Kasper A. Borup, Karl F F Fischer, David R. Brown, G. Jeffrey Snyder, Bo B. Iversen

Research output: Contribution to journalArticlepeer-review

15 Scopus citations

Abstract

Anisotropy in properties of materials is important in materials science and solid-state physics. Measurement of the full resistivity tensor of crystals using the standard four-point method with bar shaped samples requires many measurements and may be inaccurate due to misalignment of the bars along crystallographic directions. Here an approach to extracting the resistivity tensor using van der Pauw measurements is presented. This reduces the number of required measurements.

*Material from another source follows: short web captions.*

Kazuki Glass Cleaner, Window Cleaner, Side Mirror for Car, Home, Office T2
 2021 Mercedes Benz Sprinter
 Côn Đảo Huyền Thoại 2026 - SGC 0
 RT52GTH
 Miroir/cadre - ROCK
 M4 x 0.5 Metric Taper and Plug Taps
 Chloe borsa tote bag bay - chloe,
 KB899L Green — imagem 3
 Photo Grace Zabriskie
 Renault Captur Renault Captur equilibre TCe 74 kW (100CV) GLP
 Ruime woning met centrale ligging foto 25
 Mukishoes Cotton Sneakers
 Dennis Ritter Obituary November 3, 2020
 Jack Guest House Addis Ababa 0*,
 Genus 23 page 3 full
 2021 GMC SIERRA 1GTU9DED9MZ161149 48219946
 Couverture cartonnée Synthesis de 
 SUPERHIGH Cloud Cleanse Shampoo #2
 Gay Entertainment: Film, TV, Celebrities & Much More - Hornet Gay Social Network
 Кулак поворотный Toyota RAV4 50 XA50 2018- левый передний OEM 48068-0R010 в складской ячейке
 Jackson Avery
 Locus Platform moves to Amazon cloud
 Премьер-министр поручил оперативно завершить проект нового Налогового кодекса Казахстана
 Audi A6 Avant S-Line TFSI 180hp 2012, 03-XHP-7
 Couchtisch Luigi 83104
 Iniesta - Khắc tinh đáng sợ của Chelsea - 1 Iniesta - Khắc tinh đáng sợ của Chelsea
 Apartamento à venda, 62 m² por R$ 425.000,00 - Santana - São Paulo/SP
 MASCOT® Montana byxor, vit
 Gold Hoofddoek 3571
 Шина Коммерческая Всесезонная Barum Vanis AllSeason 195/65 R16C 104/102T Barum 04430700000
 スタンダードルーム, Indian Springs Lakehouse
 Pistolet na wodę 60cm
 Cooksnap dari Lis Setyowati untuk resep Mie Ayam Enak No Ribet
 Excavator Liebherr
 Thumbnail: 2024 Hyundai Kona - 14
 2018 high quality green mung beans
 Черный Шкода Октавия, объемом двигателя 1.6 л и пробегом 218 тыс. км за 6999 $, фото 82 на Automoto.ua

The theory of the van der Pauw method is extended to extract the tensor from parallelogram shaped samples with known geometry. Methods to extract the tensor for both known and unknown principal axis orientation are presented for broad applicability to single crystals. Numerical simulations of errors are presented to quantify error sources. Several benchmark experiments are performed on isotropic graphite samples to verify the internal consistency of the developed theory, test experimental precision, and characterize error sources. The presented methods are applied to a RuSb2 single crystal at room temperature and the results are discussed based on the error source analysis. Temperature resolved resistivities along the a and b directions are finally reported and briefly discussed.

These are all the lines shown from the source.